Kemp got sideways with the former president over the November 2020 presidential election results. Trump believed there was significant fraud in the election process in the state, giving Biden a razor-thin victory with just a one-quarter of one percent margin — less than 12,000 votes out of nearly five million that were cast — over Trump.
When the former president called Kemp for help, whom he had previously endorsed for the governorship, his plea was ignored.
Trump recalled that conversation with Kemp:
You know you have a big election integrity problem in Georgia. I hope you can help us out and call a special election and let’s get to the bottom of it for the good of the country, for the good of the state of Georgia.
Kemp instead ratified the election results, and Trump retaliated. In a telephone interview with Fox News days after the controversial election, Trump said,
Everything [in Georgia] has to be approved by the legislature, and they had judges making deals, and they had electoral officials making deals, like this character in Georgia [Secretary of State Brad Raffensperger] who’s a disaster.
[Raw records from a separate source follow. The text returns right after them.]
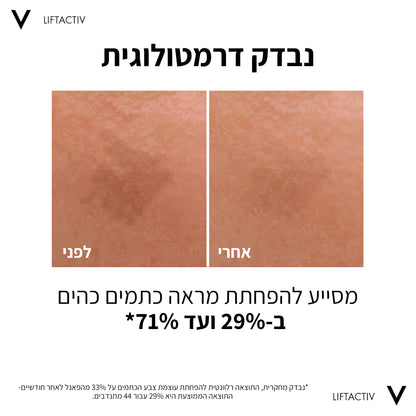 ליפטאקטיב ספיישליסט סרום B3 30 מ"ל - וישי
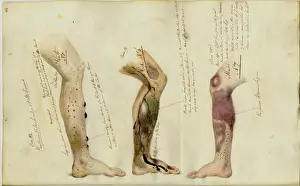 Effects of Scurvy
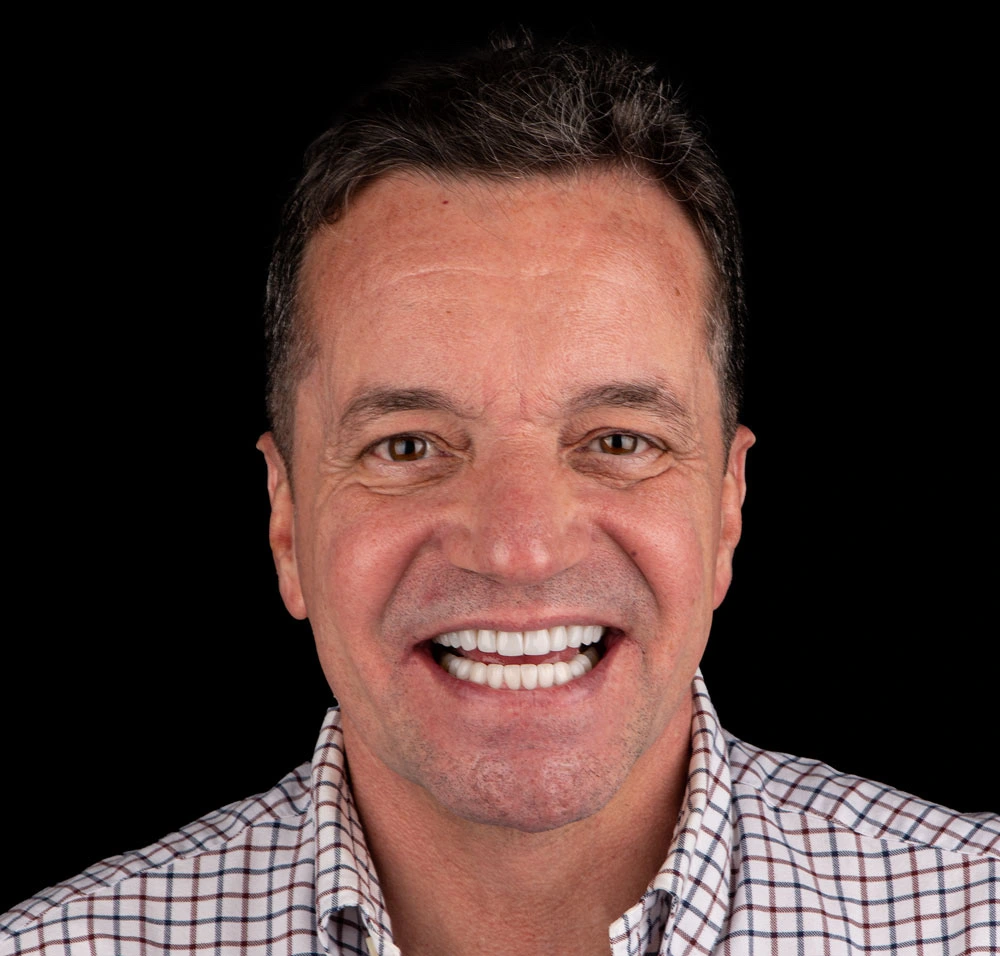 Después del tratamiento de diseño de sonrisa con carillas dentales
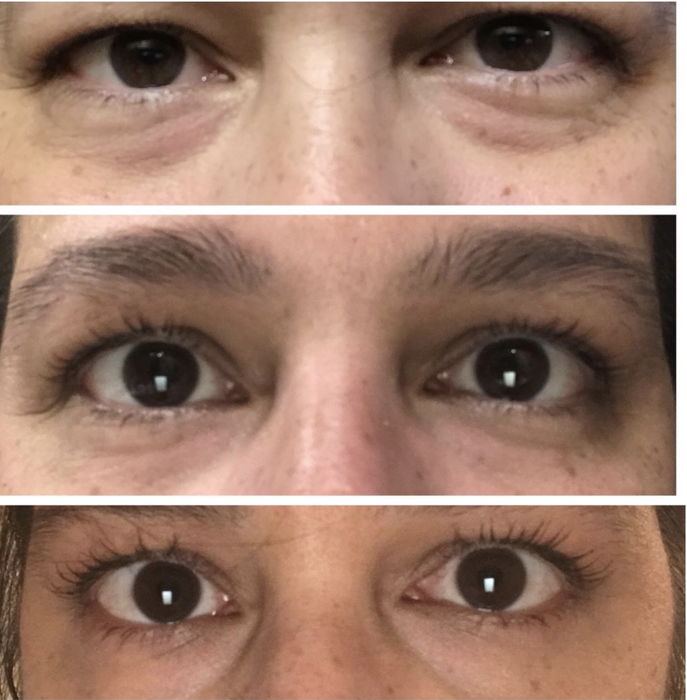 Before and after pictures of a reviewer's under-eye area, showing a noticeable improvement in smoothness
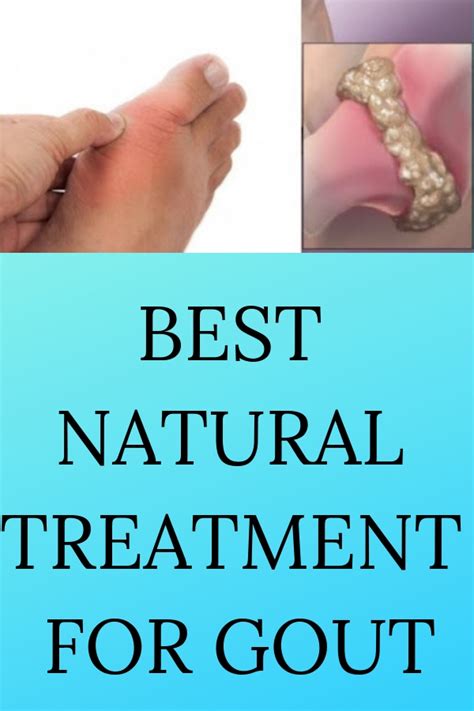 Best Natural Treatment For Gout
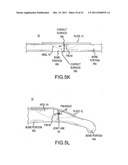 BONE PLATE AND KEEL SYSTEMS diagram and image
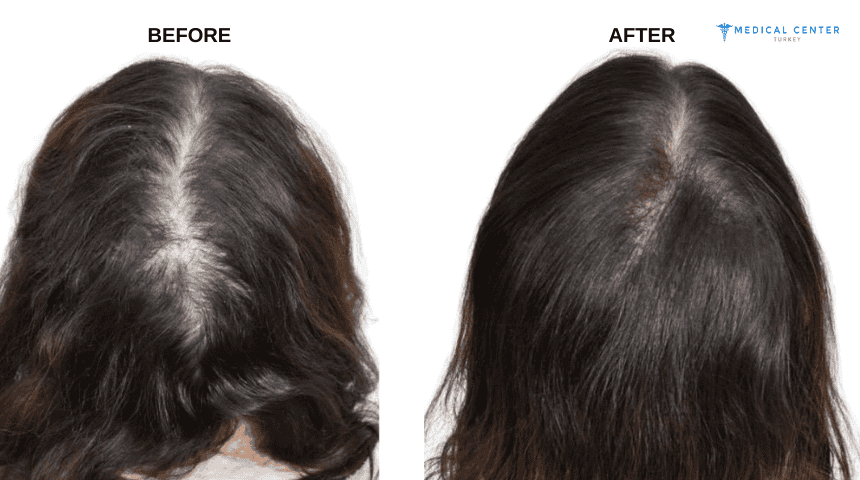 Zoya’s Hair Transplant Experiences in Turkey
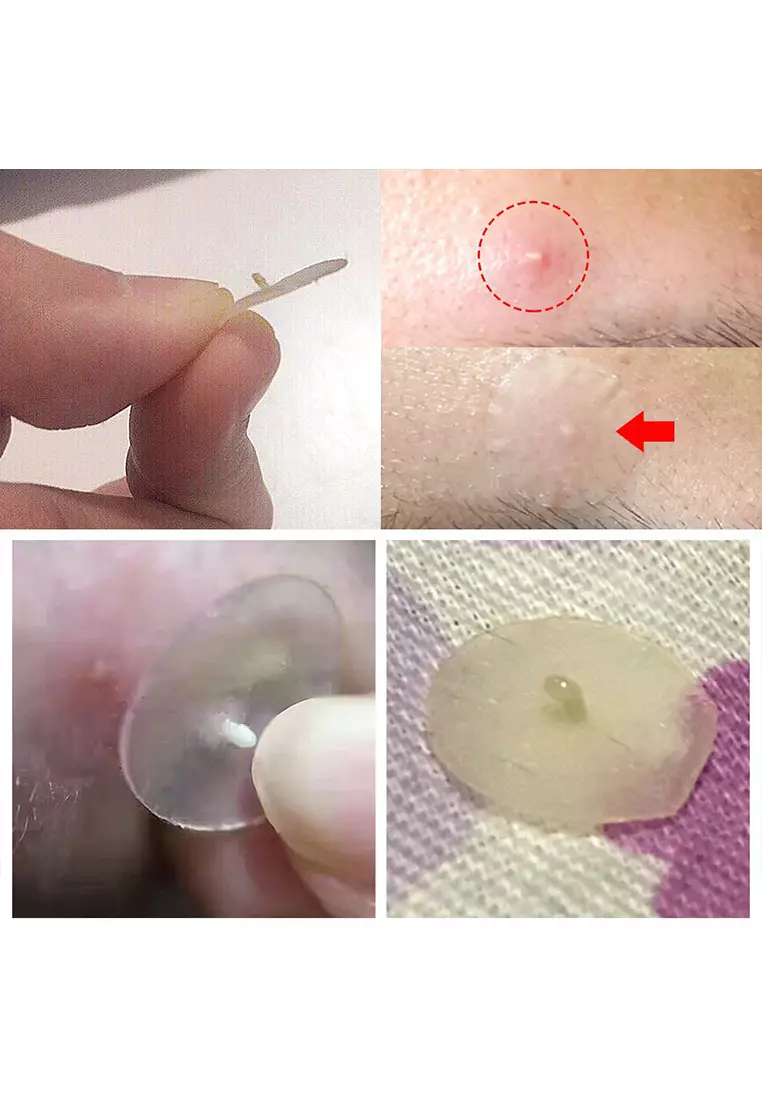 BREYLEE Sticker Jerawat Day 0.1mm (22 Stiker)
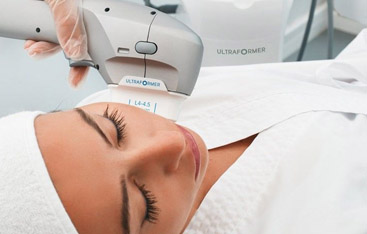Microneedling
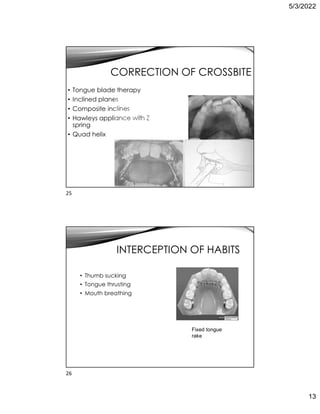 5/3/2022
13
CORRECTION OF CROSSBITE
• Tongue blade therapy
• Inclined planes
• Composite inclines
• Hawleys appliance with Z
spring
• Quad helix
INTERCEPTION OF HABITS
• Thumb sucking
• Tongue thrusting
• Mouth breathing
Fixed tongue
rake
25
26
And the governor’s done nothing. I’m ashamed that I endorsed him. But I look at what’s going on, it’s so terrible.
Now Trump has endorsed Perdue in his race against Kemp for the governorship and his endorsement has, according to a recent poll, pushed Perdue into a dead heat with Kemp.
In another poll taken among Georgians, Trump’s favorable/unfavorable image is 84 percent-10 percent, Perdue’s is 79 percent-nine percent, while Kemp’s is just 68 percent-22 percent. In that same poll, 78 percent of Republican voters in the state believe that “significant fraud occurred in the 2020 election” and just 31 percent “believe Kemp did enough to prevent voter fraud in the election.”
While Kemp’s move to free Georgians from state demands that gun owners first obtain government permission to exercise their Second Amendment-guaranteed rights is applauded, his motives for doing so, even before the General Assembly has passed anything for him to sign, must be questioned.